Annihilation

Annihilation

Movie review by Greg Carlson

Considerably less accessible than his directorial debut “Ex Machina,” veteran writer Alex Garland’s “Annihilation” very loosely adapts Jeff VanderMeer’s novel into a demanding thought experiment bound to frustrate viewers counting on some of the trailer’s promise and premise. As multiple critics have pointed out, the new film owes a thematic debt to Andrei Tarkovsky’s “Stalker,” a movie that Alissa Wilkinson suggests is, like “Annihilation,” about the “complicated nature of desire.” More precisely, Wilkinson claims, “What we truly desire… is what will ultimately take us apart from the inside.” That concept certainly drives a viable reading of “Annihilation,” though its success or failure resides within the eye of the beholder.

A bookend device communicates to the viewer the information that Natalie Portman’s soldier-turned-academic(!) Lena has survived an incredible and inexplicable ordeal within the Shimmer, a time-bending, DNA-blending, electronic device-resisting, magnetic field-defying region within an energy “curtain.” Flashbacks fill in the rest: Lena’s husband Kane (Oscar Isaac) returned home after a protracted absence within the Shimmer, and his trauma compelled Lena to volunteer with Jennifer Jason Leigh’s Dr.
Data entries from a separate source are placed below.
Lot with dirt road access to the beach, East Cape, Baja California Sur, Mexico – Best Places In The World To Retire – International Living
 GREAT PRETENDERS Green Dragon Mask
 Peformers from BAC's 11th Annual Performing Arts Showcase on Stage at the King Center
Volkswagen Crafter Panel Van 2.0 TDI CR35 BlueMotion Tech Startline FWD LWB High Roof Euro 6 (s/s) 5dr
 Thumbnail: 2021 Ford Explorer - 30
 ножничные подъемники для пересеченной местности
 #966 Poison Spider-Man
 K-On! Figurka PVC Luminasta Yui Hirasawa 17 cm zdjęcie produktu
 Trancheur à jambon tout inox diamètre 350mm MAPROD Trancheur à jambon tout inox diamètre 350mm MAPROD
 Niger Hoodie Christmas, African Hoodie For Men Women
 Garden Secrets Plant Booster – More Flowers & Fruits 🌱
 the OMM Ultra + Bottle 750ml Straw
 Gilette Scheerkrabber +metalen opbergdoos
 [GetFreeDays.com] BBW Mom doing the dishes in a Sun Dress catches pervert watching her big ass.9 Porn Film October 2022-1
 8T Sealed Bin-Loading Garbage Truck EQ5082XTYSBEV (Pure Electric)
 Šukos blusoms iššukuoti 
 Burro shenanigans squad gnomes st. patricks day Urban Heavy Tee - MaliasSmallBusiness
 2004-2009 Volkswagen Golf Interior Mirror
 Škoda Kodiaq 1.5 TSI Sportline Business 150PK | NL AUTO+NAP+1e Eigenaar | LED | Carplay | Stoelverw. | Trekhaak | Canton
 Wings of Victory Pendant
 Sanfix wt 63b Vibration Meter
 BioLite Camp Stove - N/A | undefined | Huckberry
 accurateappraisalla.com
Ventress to seek answers on a new mission into the weird territory.

Ventress and Lena are joined by physicist Radek (Tessa Thompson), paramedic Thorensen (Gina Rodriguez), and anthropologist Shepherd (Tuva Novotny). Lena’s relationship to Kane is withheld from the new team members in a questionable ploy that makes little narrative sense beyond functioning as a moment of manufactured conflict provided by its eventual and inevitable disclosure. Both the emphasis on Lena’s primacy as key protagonist and the presentation of the Shimmer’s wide variety of effects — from rainbow-colored flora and fauna to stomach-churning gore — reduce the overall effectiveness of the supporting characters.   

Despite the familiarity of the pick ‘em off sequencing associated with “And Then There Were None,” “Alien,” “The Thing,” and dozens of lesser examples, Garland can be commended for resisting the more conventional pace of recent, less-effective genre sibling “The Cloverfield Paradox,” even if the action-horror highpoint of “Annihilation” is a j’accuse confrontation that introduces a terrifying hybrid certain to provide nightmare fuel to people who get seriously creeped out by the kind of unholy mergers glimpsed in “Pinocchio” and the 1978 version of “Invasion of the Body Snatchers.”        

The filmmaker’s commitment to a more cerebral and abstract investigation of the death instinct/todestrieb comes at the expense of rich characterization — especially outside Lena, and “Annihilation” arguably would have been improved through a more deliberate exploration of the reasons why each woman is drawn toward her personal impulse to self-destruction. The final sequences, despite Garland’s bold, CGI-aided trippiness, are simply no match for anything in “Under the Skin” or “Arrival,” a pair of films that have already popped up several times in writings and conversations on “Annihilation.”   

Sexual desire, and the aching longing for physical intimacy in the absence of one’s partner, form an intriguing motif contained within the flashbacks, but curiously given the time spent on the set-up, Garland omits a deeper or more rigorous examination. That choice diminishes certain aspects of Lena and Kane’s connection to the Shimmer and to one another, especially in light of the film’s ambiguous conclusion.